→ Activity
Transcribe the data below verbatim from the line with "Pantalon habillé en" to the line with "Buy FitFlop Black". Include both of those lines.

→ Data extract
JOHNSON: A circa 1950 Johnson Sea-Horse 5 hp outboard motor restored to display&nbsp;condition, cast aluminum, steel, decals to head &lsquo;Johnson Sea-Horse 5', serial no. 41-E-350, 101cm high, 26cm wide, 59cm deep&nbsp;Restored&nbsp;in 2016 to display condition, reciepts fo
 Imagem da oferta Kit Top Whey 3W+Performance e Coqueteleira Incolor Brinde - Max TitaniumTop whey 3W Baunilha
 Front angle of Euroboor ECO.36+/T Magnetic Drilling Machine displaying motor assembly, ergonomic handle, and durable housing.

--

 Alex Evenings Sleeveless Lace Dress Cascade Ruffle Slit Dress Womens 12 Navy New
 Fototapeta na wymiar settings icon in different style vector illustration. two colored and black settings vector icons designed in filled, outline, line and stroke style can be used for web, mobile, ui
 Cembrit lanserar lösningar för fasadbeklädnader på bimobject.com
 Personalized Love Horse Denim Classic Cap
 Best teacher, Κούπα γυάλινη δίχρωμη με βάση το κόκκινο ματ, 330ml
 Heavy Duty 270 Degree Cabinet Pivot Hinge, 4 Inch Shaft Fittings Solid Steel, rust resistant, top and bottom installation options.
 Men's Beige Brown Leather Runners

--

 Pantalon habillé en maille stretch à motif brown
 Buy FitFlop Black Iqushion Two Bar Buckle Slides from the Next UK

→ Your response
 Pantalon habillé en maille stretch à motif brown
 Buy FitFlop Black Iqushion Two Bar Buckle Slides from the Next UK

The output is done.